Learning Few-Step Diffusion Models by Trajectory Distribution Matching¶

Conference: ICCV 2025 arXiv: 2503.06674 Code: Project Page Area: Diffusion Models / Image Generation Keywords: Diffusion Distillation, Few-Step Generation, Trajectory Distribution Matching, Score Distillation, Text-to-Image Acceleration

TL;DR¶

This paper proposes Trajectory Distribution Matching (TDM), a novel paradigm that unifies trajectory distillation and distribution matching by aligning the marginal distributions of student and teacher ODE trajectories at the distributional level. TDM enables efficient few-step diffusion model distillation, requiring only 2 A800 GPU-hours to distill PixArt-α into a 4-step generator that surpasses the teacher model.

Background & Motivation¶

Accelerating diffusion model sampling is critical for efficient deployment of AIGC systems. Existing distillation methods fall into two major categories, each with notable limitations:

Distribution Matching methods (e.g., DMD, SiD): achieve distribution-level alignment via score distillation and perform strongly in one-step generation, but are primarily optimized for single-step inference and lack flexibility for multi-step sampling—additional steps cannot be effectively exploited.

Trajectory Distillation methods (e.g., Progressive Distillation, Consistency Models): simulate teacher ODE trajectories at the instance level and support multi-step sampling, but instance-level trajectory matching imposes high demands on model capacity, and numerical errors from solving the teacher ODE propagate to the student.

Key Challenge: Distribution matching discards intermediate trajectory information, while trajectory distillation suffers from the difficulty of instance-level matching.

Core Idea of TDM: Match trajectories at the distributional level rather than at the instance level. This non-trivially unifies the advantages of both paradigms—leveraging trajectory information for fine-grained knowledge transfer while reducing learning difficulty through distribution-level alignment.

Method¶

Overall Architecture¶

TDM parameterizes a \(K\)-step student model as a discrete ODE sampler that generates intermediate samples \(x_{t_i}\) along the trajectory. Distribution-level score distillation is then applied to align the marginal distribution \(p_{\theta, t_i}\) at each timestep on the student trajectory with the corresponding teacher distribution \(p_{\phi, t_i}\).

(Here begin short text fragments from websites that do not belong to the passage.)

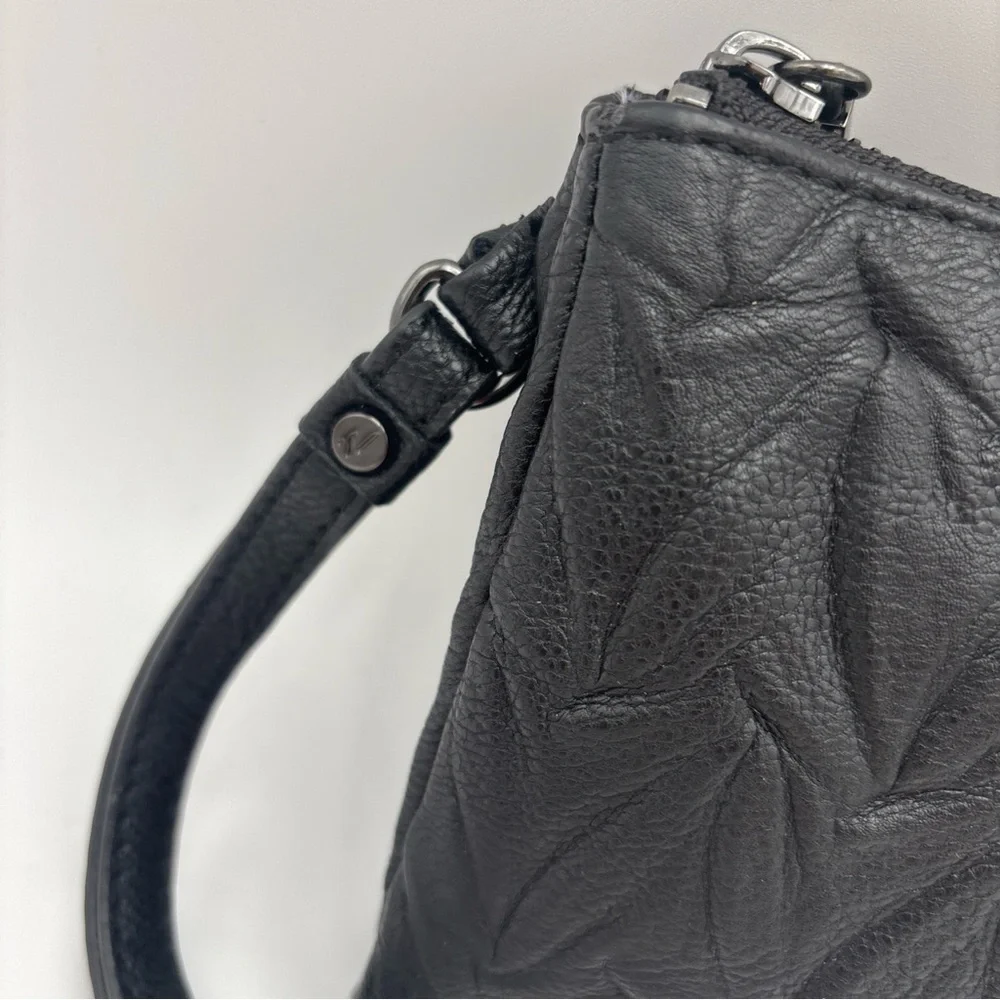 Simply Vera Vera Wang Black Textured‎ Wristlet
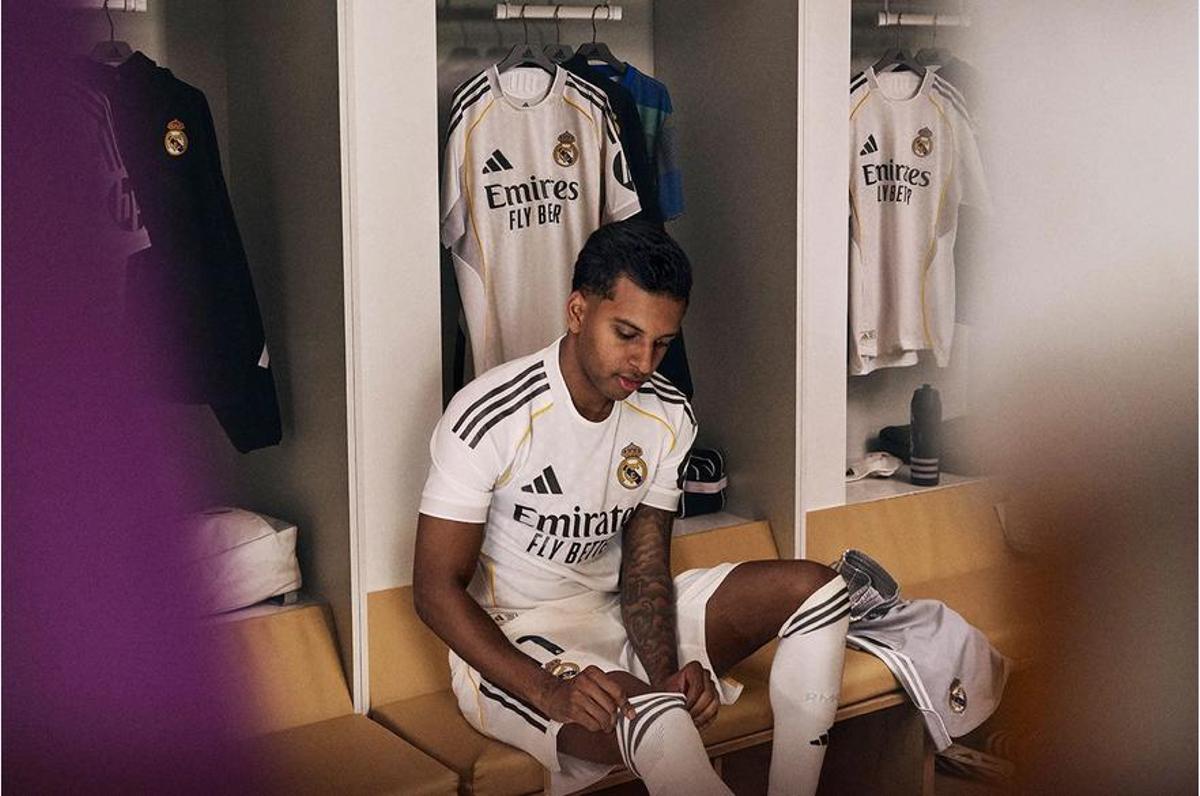 Rodrygo, con la nueva camiseta del Real Madrid para la temporada 2025/2026.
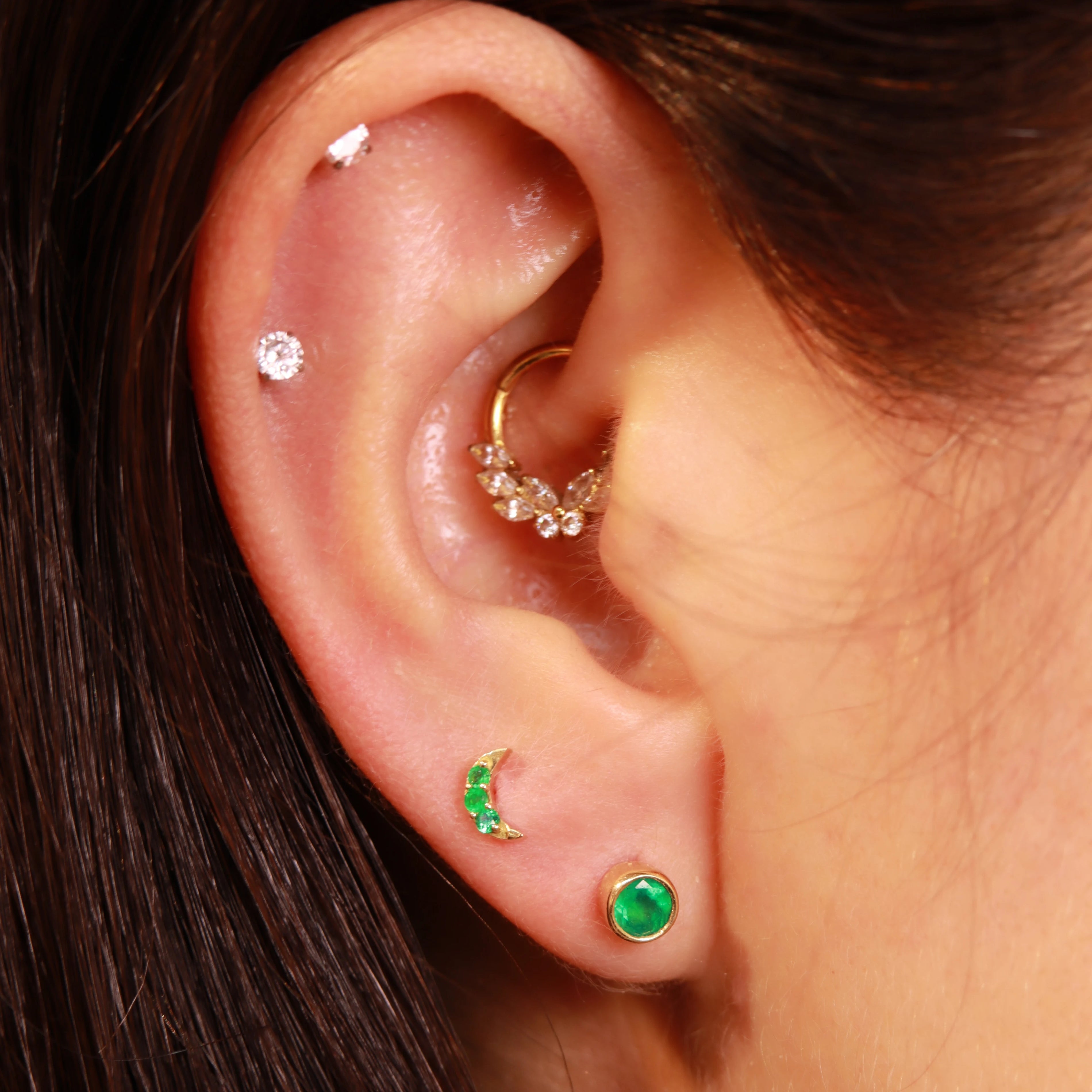 Labret en Oro 18K con Esmeraldas | Diseño de Luna Creciente - Helix Body Jewelry - Tienda Online de Piercings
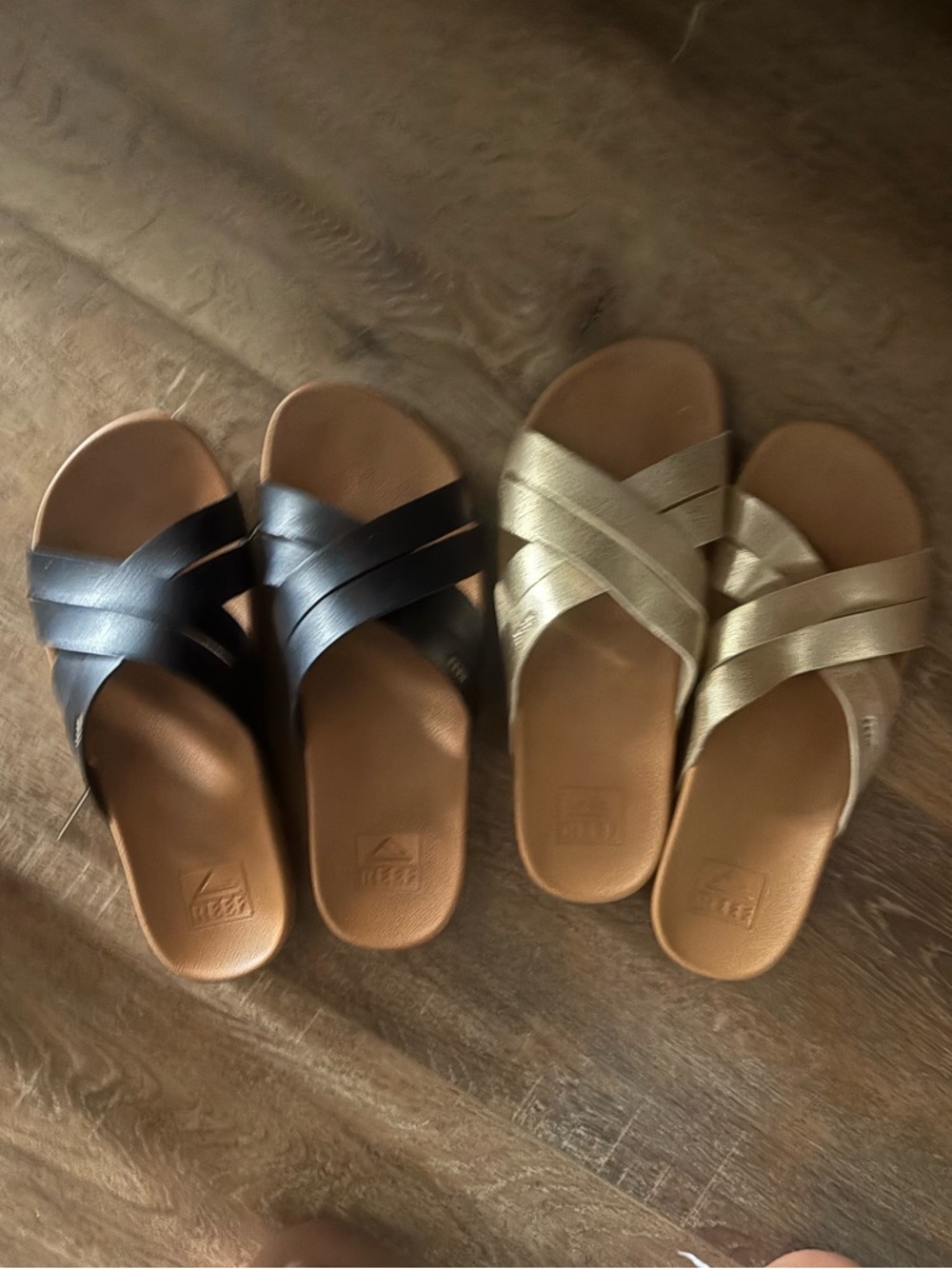 Lot of 2 pairs Black & Gold Reef Cushion Spring Bloom Sandals Size 7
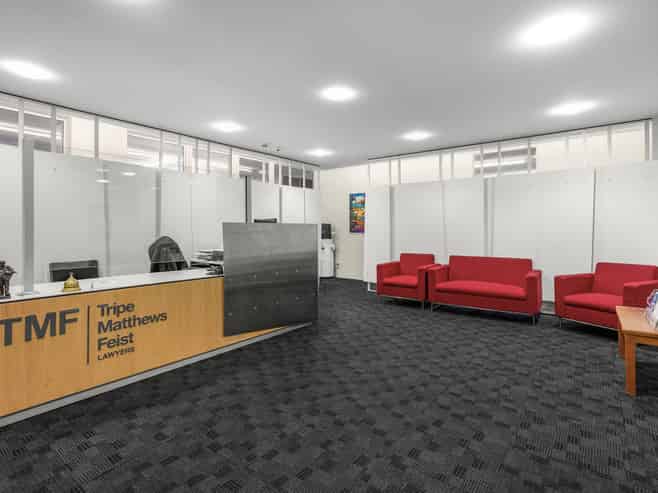 Central, Connected, and Ready to Go - 420.9 sqm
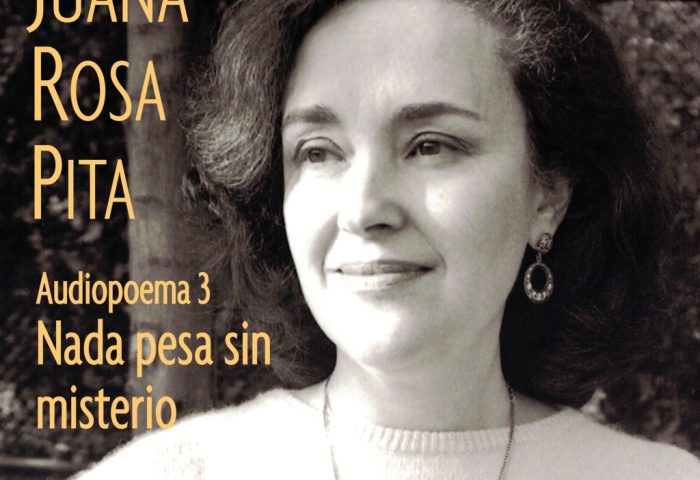 Juana Rosa Pita con pared de fondo.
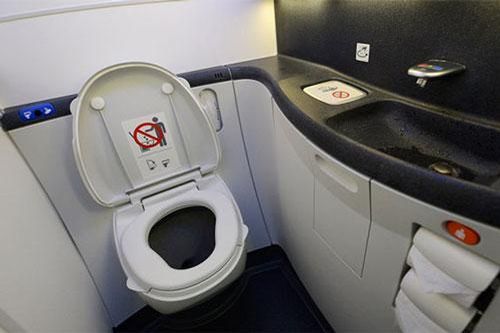 Chuyện gì xảy ra nếu trên máy bay bạn ấn nút xả bồn cầu toilet khi đang ngồi?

The entire process is data-free and does not require solving the teacher ODE.

Key Designs¶

TDM Objective:
- Function: Minimize the reverse KL divergence from the teacher distribution at each timestep along the student trajectory.
- Mechanism: The objective is formulated as: \(L(\theta) = \sum_{i=0}^{K-1} \sum_{\tau=t_i}^{t_{i+1}} \lambda_\tau \text{KL}(p_{\theta, \tau|t_i}(x_\tau) \| p_{\phi, \tau}(x_\tau))\) where \(p_{\theta, \tau|t_i}\) is the diffusion distribution of student trajectory samples. The gradient is computed as: \(\nabla_\theta L(\theta) \approx \sum_{i,\tau} \lambda_\tau [s_\psi(x_\tau, \tau) - s_\phi(x_\tau, \tau)] \frac{\partial x_{t_i}}{\partial \theta}\) A fake score \(s_\psi\) is required to approximate the score of the student distribution.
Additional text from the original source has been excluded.